-- TASK BRIEF --
Please repeat the records word for word and skip the pictures.

(STORED DATA begins)

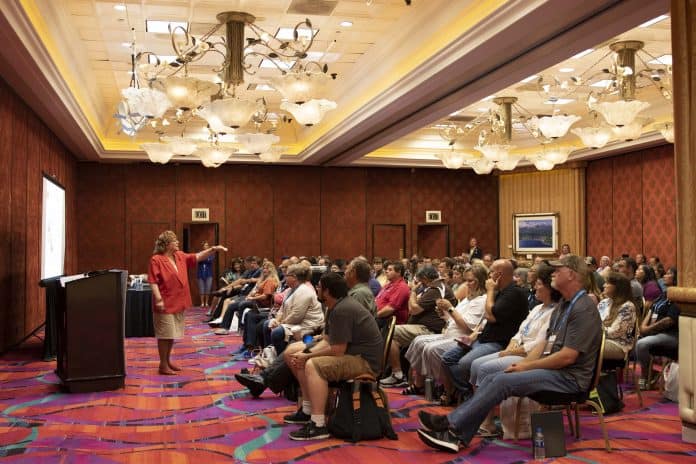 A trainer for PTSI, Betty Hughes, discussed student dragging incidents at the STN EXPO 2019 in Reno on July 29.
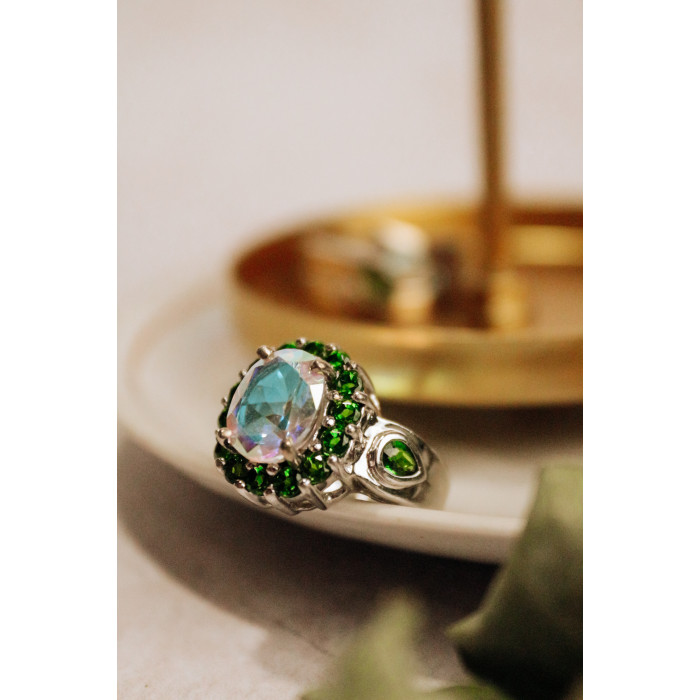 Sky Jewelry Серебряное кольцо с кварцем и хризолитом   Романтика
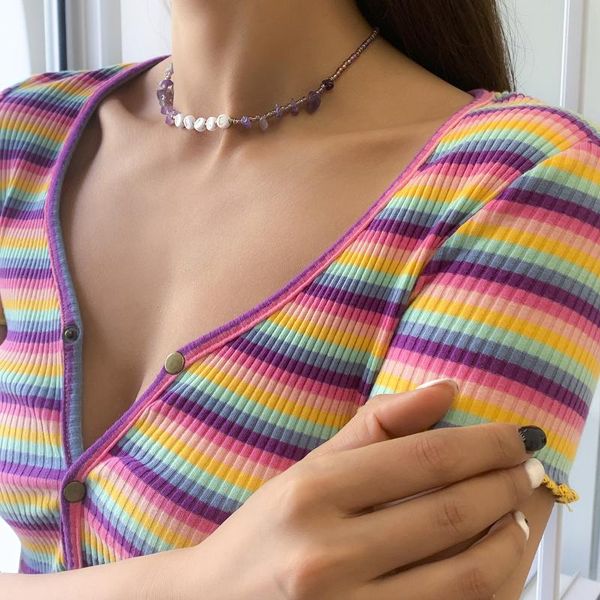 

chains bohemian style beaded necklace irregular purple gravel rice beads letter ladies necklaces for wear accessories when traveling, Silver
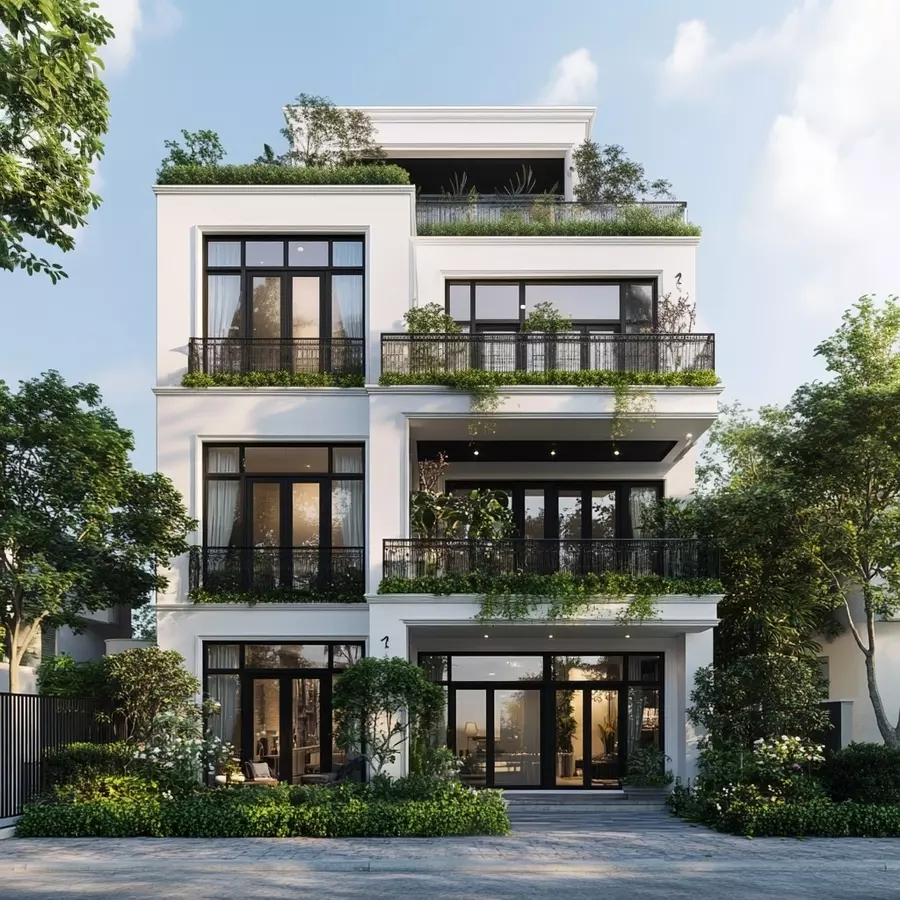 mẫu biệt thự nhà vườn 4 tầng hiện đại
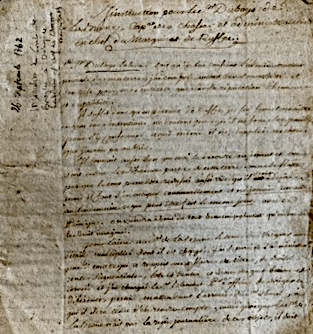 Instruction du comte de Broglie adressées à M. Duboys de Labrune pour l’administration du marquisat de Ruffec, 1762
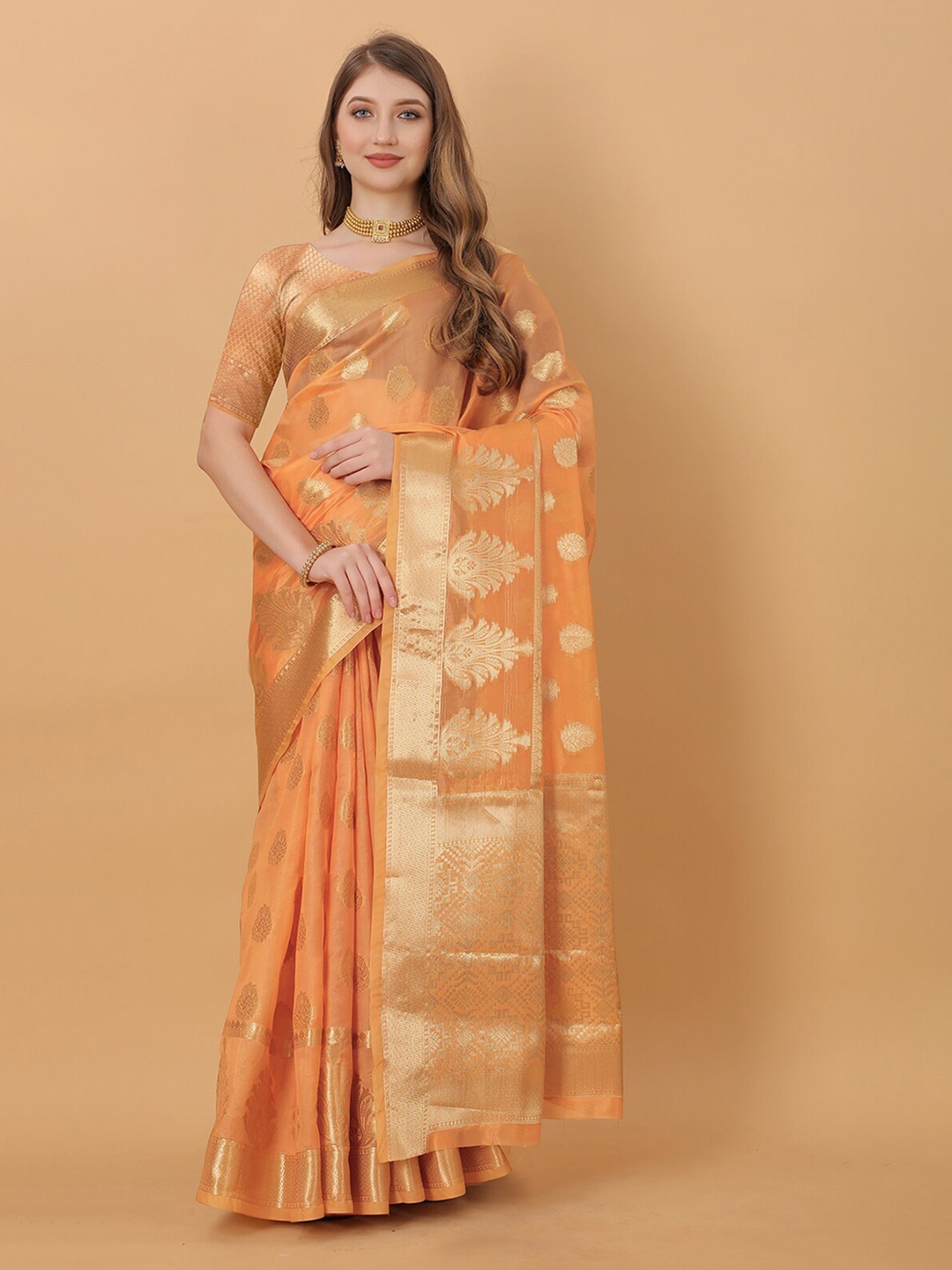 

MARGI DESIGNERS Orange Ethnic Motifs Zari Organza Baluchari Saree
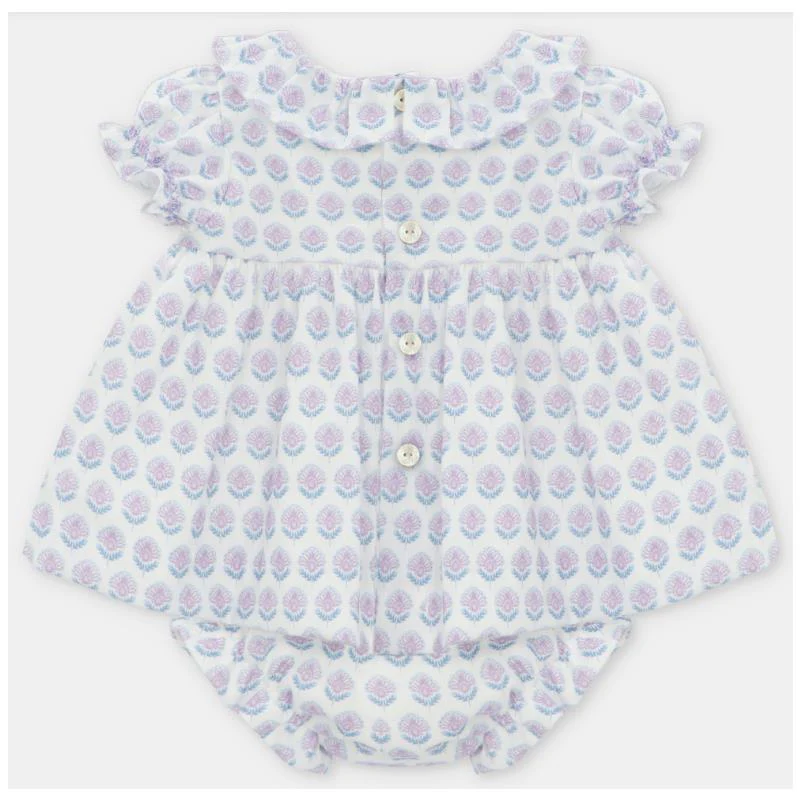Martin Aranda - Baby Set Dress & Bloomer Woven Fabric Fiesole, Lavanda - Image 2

(STORED DATA ends)

-- YOUR SOLUTION --
 A trainer for PTSI, Betty Hughes, discussed student dragging incidents at the STN EXPO 2019 in Reno on July 29.
 Sky Jewelry Серебряное кольцо с кварцем и хризолитом   Романтика

chains bohemian style beaded necklace irregular purple gravel rice beads letter ladies necklaces for wear accessories when traveling, Silver
 mẫu biệt thự nhà vườn 4 tầng hiện đại
 Instruction du comte de Broglie adressées à M. Duboys de Labrune pour l’administration du marquisat de Ruffec, 1762

MARGI DESIGNERS Orange Ethnic Motifs Zari Organza Baluchari Saree
Martin Aranda - Baby Set Dress & Bloomer Woven Fabric Fiesole, Lavanda - Image 2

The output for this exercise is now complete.